_Exercise goal_. From the entries below, transcribe exactly the lines between the line holding "606 E Dry Creek" and the line holding "Abba Homes large", inclusive; skip all other lines.

_Provided data_.
Content starts

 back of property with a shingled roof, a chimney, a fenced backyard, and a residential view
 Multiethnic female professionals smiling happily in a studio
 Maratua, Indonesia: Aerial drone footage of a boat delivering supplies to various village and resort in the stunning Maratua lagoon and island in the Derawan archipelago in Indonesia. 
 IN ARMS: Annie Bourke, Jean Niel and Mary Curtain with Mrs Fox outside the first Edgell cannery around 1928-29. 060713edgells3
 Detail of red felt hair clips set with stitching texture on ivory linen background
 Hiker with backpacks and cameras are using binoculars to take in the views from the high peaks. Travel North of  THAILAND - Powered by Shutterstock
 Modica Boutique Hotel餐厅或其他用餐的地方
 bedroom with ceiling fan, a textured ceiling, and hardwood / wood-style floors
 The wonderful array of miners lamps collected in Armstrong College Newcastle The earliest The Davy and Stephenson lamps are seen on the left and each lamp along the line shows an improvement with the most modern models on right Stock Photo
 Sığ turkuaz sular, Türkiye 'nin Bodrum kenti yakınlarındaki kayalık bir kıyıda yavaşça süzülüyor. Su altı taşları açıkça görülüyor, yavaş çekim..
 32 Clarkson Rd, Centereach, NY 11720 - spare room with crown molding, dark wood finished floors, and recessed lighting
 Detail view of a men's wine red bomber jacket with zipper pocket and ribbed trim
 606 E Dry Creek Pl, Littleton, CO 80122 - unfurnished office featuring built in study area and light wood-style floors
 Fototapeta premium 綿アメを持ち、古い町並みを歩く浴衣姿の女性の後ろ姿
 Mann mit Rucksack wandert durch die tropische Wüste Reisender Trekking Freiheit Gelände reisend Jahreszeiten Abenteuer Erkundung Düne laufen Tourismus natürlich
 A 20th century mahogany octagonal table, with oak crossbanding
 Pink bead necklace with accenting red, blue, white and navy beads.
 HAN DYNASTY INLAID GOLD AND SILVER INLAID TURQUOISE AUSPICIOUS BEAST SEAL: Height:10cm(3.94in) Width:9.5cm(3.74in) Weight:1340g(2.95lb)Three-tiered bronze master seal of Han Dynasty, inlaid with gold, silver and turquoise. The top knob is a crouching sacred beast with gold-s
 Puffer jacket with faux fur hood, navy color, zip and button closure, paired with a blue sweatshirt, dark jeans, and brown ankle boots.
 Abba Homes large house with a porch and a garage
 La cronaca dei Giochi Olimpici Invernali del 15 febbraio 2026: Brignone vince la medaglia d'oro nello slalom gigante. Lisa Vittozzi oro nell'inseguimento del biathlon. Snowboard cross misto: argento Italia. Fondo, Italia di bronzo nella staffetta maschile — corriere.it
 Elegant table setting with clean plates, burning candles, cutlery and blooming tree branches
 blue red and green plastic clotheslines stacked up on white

Content ends

_Task solution_.
 606 E Dry Creek Pl, Littleton, CO 80122 - unfurnished office featuring built in study area and light wood-style floors
 Fototapeta premium 綿アメを持ち、古い町並みを歩く浴衣姿の女性の後ろ姿
 Mann mit Rucksack wandert durch die tropische Wüste Reisender Trekking Freiheit Gelände reisend Jahreszeiten Abenteuer Erkundung Düne laufen Tourismus natürlich
 A 20th century mahogany octagonal table, with oak crossbanding
 Pink bead necklace with accenting red, blue, white and navy beads.
 HAN DYNASTY INLAID GOLD AND SILVER INLAID TURQUOISE AUSPICIOUS BEAST SEAL: Height:10cm(3.94in) Width:9.5cm(3.74in) Weight:1340g(2.95lb)Three-tiered bronze master seal of Han Dynasty, inlaid with gold, silver and turquoise. The top knob is a crouching sacred beast with gold-s
 Puffer jacket with faux fur hood, navy color, zip and button closure, paired with a blue sweatshirt, dark jeans, and brown ankle boots.
 Abba Homes large house with a porch and a garage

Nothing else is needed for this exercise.